Task details: Type the entries again, word for word.

Listed entries:

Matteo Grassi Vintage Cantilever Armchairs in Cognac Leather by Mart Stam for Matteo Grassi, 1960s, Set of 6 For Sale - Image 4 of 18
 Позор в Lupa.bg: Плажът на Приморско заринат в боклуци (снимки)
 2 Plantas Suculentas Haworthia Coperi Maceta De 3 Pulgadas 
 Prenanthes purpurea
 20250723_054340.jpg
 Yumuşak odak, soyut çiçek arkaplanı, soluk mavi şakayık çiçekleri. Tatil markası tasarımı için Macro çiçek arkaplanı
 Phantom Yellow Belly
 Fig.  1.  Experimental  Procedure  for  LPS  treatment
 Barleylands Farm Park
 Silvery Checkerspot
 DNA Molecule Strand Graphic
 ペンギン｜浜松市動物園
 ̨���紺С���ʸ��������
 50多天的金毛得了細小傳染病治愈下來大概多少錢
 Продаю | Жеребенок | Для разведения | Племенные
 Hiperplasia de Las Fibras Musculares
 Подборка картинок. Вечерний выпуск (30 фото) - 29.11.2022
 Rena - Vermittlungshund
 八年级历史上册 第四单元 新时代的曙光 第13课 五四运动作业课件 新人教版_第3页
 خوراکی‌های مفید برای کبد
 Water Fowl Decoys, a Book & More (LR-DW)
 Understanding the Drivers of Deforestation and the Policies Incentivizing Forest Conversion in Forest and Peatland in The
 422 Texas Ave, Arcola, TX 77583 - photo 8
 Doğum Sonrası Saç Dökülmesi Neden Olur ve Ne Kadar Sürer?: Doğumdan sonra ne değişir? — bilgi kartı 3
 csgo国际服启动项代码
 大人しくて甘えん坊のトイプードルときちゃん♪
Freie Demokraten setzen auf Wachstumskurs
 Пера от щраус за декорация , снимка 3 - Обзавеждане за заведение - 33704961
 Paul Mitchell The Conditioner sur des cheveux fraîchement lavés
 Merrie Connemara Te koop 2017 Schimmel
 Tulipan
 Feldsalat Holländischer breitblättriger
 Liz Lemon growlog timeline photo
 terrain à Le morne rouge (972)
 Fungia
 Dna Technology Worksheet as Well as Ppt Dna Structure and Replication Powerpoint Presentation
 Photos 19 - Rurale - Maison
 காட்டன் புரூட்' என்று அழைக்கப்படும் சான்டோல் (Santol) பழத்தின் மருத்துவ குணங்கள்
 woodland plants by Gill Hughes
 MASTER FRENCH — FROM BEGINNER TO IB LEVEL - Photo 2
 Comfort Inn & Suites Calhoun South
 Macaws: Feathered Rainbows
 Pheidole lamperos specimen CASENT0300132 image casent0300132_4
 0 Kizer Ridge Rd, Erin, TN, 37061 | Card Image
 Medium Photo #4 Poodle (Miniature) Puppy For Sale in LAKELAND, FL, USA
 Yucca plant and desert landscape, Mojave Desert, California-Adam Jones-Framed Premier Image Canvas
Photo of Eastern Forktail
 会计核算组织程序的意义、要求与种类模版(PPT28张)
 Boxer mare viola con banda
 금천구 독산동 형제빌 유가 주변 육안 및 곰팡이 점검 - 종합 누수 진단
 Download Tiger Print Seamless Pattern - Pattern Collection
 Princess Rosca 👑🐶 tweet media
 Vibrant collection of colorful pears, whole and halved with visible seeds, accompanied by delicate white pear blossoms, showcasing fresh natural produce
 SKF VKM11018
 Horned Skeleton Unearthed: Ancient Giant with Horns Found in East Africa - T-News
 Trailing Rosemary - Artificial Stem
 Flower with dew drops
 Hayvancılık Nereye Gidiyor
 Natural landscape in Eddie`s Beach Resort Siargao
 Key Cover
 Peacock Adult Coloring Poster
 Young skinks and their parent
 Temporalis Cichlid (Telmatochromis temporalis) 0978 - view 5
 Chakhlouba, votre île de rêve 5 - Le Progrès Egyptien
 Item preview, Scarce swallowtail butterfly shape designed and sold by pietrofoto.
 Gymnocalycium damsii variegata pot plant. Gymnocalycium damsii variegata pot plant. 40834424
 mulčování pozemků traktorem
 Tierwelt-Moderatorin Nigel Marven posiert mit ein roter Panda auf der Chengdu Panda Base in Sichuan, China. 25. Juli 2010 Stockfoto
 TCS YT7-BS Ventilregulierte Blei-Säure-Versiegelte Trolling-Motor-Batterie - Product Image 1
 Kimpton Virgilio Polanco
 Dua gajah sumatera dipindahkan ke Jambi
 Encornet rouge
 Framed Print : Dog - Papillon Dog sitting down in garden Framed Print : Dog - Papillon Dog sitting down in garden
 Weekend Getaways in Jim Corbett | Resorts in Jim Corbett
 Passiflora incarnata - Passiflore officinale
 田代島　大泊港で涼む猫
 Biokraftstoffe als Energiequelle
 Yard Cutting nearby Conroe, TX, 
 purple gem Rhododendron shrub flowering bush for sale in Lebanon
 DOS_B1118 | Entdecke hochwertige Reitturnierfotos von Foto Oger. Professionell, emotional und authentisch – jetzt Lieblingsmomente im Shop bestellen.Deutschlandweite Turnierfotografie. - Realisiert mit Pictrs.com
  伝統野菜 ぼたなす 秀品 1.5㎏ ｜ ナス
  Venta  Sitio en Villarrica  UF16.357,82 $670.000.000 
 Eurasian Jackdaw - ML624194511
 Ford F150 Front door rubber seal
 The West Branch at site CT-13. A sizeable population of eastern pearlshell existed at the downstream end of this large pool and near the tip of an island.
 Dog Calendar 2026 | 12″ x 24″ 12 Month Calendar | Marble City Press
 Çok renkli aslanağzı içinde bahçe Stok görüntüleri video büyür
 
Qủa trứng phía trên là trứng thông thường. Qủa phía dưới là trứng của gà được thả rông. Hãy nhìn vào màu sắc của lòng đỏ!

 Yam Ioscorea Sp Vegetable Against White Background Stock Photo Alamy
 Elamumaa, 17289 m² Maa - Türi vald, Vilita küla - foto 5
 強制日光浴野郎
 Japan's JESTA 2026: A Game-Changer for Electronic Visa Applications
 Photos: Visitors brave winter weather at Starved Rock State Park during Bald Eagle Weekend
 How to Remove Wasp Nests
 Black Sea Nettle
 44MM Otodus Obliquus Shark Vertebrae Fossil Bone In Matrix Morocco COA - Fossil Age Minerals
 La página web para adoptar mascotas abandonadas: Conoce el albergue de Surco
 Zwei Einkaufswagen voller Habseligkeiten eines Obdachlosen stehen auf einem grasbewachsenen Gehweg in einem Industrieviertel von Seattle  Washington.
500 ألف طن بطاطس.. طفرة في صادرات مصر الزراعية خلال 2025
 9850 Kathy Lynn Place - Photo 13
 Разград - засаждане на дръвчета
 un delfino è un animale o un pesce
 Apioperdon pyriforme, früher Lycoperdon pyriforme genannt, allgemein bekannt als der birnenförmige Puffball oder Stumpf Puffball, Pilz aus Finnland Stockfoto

Finished task:
Matteo Grassi Vintage Cantilever Armchairs in Cognac Leather by Mart Stam for Matteo Grassi, 1960s, Set of 6 For Sale - Image 4 of 18
 Позор в Lupa.bg: Плажът на Приморско заринат в боклуци (снимки)
 2 Plantas Suculentas Haworthia Coperi Maceta De 3 Pulgadas 
 Prenanthes purpurea
 20250723_054340.jpg
 Yumuşak odak, soyut çiçek arkaplanı, soluk mavi şakayık çiçekleri. Tatil markası tasarımı için Macro çiçek arkaplanı
 Phantom Yellow Belly
 Fig.  1.  Experimental  Procedure  for  LPS  treatment
 Barleylands Farm Park
 Silvery Checkerspot
 DNA Molecule Strand Graphic
 ペンギン｜浜松市動物園
 ̨���紺С���ʸ��������
 50多天的金毛得了細小傳染病治愈下來大概多少錢
 Продаю | Жеребенок | Для разведения | Племенные
 Hiperplasia de Las Fibras Musculares
 Подборка картинок. Вечерний выпуск (30 фото) - 29.11.2022
 Rena - Vermittlungshund
 八年级历史上册 第四单元 新时代的曙光 第13课 五四运动作业课件 新人教版_第3页
 خوراکی‌های مفید برای کبد
 Water Fowl Decoys, a Book & More (LR-DW)
 Understanding the Drivers of Deforestation and the Policies Incentivizing Forest Conversion in Forest and Peatland in The
 422 Texas Ave, Arcola, TX 77583 - photo 8
 Doğum Sonrası Saç Dökülmesi Neden Olur ve Ne Kadar Sürer?: Doğumdan sonra ne değişir? — bilgi kartı 3
 csgo国际服启动项代码
 大人しくて甘えん坊のトイプードルときちゃん♪
Freie Demokraten setzen auf Wachstumskurs
 Пера от щраус за декорация , снимка 3 - Обзавеждане за заведение - 33704961
 Paul Mitchell The Conditioner sur des cheveux fraîchement lavés
 Merrie Connemara Te koop 2017 Schimmel
 Tulipan
 Feldsalat Holländischer breitblättriger
 Liz Lemon growlog timeline photo
 terrain à Le morne rouge (972)
 Fungia
 Dna Technology Worksheet as Well as Ppt Dna Structure and Replication Powerpoint Presentation
 Photos 19 - Rurale - Maison
 காட்டன் புரூட்' என்று அழைக்கப்படும் சான்டோல் (Santol) பழத்தின் மருத்துவ குணங்கள்
 woodland plants by Gill Hughes
 MASTER FRENCH — FROM BEGINNER TO IB LEVEL - Photo 2
 Comfort Inn & Suites Calhoun South
 Macaws: Feathered Rainbows
 Pheidole lamperos specimen CASENT0300132 image casent0300132_4
 0 Kizer Ridge Rd, Erin, TN, 37061 | Card Image
 Medium Photo #4 Poodle (Miniature) Puppy For Sale in LAKELAND, FL, USA
 Yucca plant and desert landscape, Mojave Desert, California-Adam Jones-Framed Premier Image Canvas
Photo of Eastern Forktail
 会计核算组织程序的意义、要求与种类模版(PPT28张)
 Boxer mare viola con banda
 금천구 독산동 형제빌 유가 주변 육안 및 곰팡이 점검 - 종합 누수 진단
 Download Tiger Print Seamless Pattern - Pattern Collection
 Princess Rosca 👑🐶 tweet media
 Vibrant collection of colorful pears, whole and halved with visible seeds, accompanied by delicate white pear blossoms, showcasing fresh natural produce
 SKF VKM11018
 Horned Skeleton Unearthed: Ancient Giant with Horns Found in East Africa - T-News
 Trailing Rosemary - Artificial Stem
 Flower with dew drops
 Hayvancılık Nereye Gidiyor
 Natural landscape in Eddie`s Beach Resort Siargao
 Key Cover
 Peacock Adult Coloring Poster
 Young skinks and their parent
 Temporalis Cichlid (Telmatochromis temporalis) 0978 - view 5
 Chakhlouba, votre île de rêve 5 - Le Progrès Egyptien
 Item preview, Scarce swallowtail butterfly shape designed and sold by pietrofoto.
 Gymnocalycium damsii variegata pot plant. Gymnocalycium damsii variegata pot plant. 40834424
 mulčování pozemků traktorem
 Tierwelt-Moderatorin Nigel Marven posiert mit ein roter Panda auf der Chengdu Panda Base in Sichuan, China. 25. Juli 2010 Stockfoto
 TCS YT7-BS Ventilregulierte Blei-Säure-Versiegelte Trolling-Motor-Batterie - Product Image 1
 Kimpton Virgilio Polanco
 Dua gajah sumatera dipindahkan ke Jambi
 Encornet rouge
 Framed Print : Dog - Papillon Dog sitting down in garden Framed Print : Dog - Papillon Dog sitting down in garden
 Weekend Getaways in Jim Corbett | Resorts in Jim Corbett
 Passiflora incarnata - Passiflore officinale
 田代島　大泊港で涼む猫
 Biokraftstoffe als Energiequelle
 Yard Cutting nearby Conroe, TX, 
 purple gem Rhododendron shrub flowering bush for sale in Lebanon
 DOS_B1118 | Entdecke hochwertige Reitturnierfotos von Foto Oger. Professionell, emotional und authentisch – jetzt Lieblingsmomente im Shop bestellen.Deutschlandweite Turnierfotografie. - Realisiert mit Pictrs.com
  伝統野菜 ぼたなす 秀品 1.5㎏ ｜ ナス
  Venta  Sitio en Villarrica  UF16.357,82 $670.000.000 
 Eurasian Jackdaw - ML624194511
 Ford F150 Front door rubber seal
 The West Branch at site CT-13. A sizeable population of eastern pearlshell existed at the downstream end of this large pool and near the tip of an island.
 Dog Calendar 2026 | 12″ x 24″ 12 Month Calendar | Marble City Press
 Çok renkli aslanağzı içinde bahçe Stok görüntüleri video büyür
 
Qủa trứng phía trên là trứng thông thường. Qủa phía dưới là trứng của gà được thả rông. Hãy nhìn vào màu sắc của lòng đỏ!

 Yam Ioscorea Sp Vegetable Against White Background Stock Photo Alamy
 Elamumaa, 17289 m² Maa - Türi vald, Vilita küla - foto 5
 強制日光浴野郎
 Japan's JESTA 2026: A Game-Changer for Electronic Visa Applications
 Photos: Visitors brave winter weather at Starved Rock State Park during Bald Eagle Weekend
 How to Remove Wasp Nests
 Black Sea Nettle
 44MM Otodus Obliquus Shark Vertebrae Fossil Bone In Matrix Morocco COA - Fossil Age Minerals
 La página web para adoptar mascotas abandonadas: Conoce el albergue de Surco
 Zwei Einkaufswagen voller Habseligkeiten eines Obdachlosen stehen auf einem grasbewachsenen Gehweg in einem Industrieviertel von Seattle  Washington.
500 ألف طن بطاطس.. طفرة في صادرات مصر الزراعية خلال 2025
 9850 Kathy Lynn Place - Photo 13
 Разград - засаждане на дръвчета
 un delfino è un animale o un pesce
 Apioperdon pyriforme, früher Lycoperdon pyriforme genannt, allgemein bekannt als der birnenförmige Puffball oder Stumpf Puffball, Pilz aus Finnland Stockfoto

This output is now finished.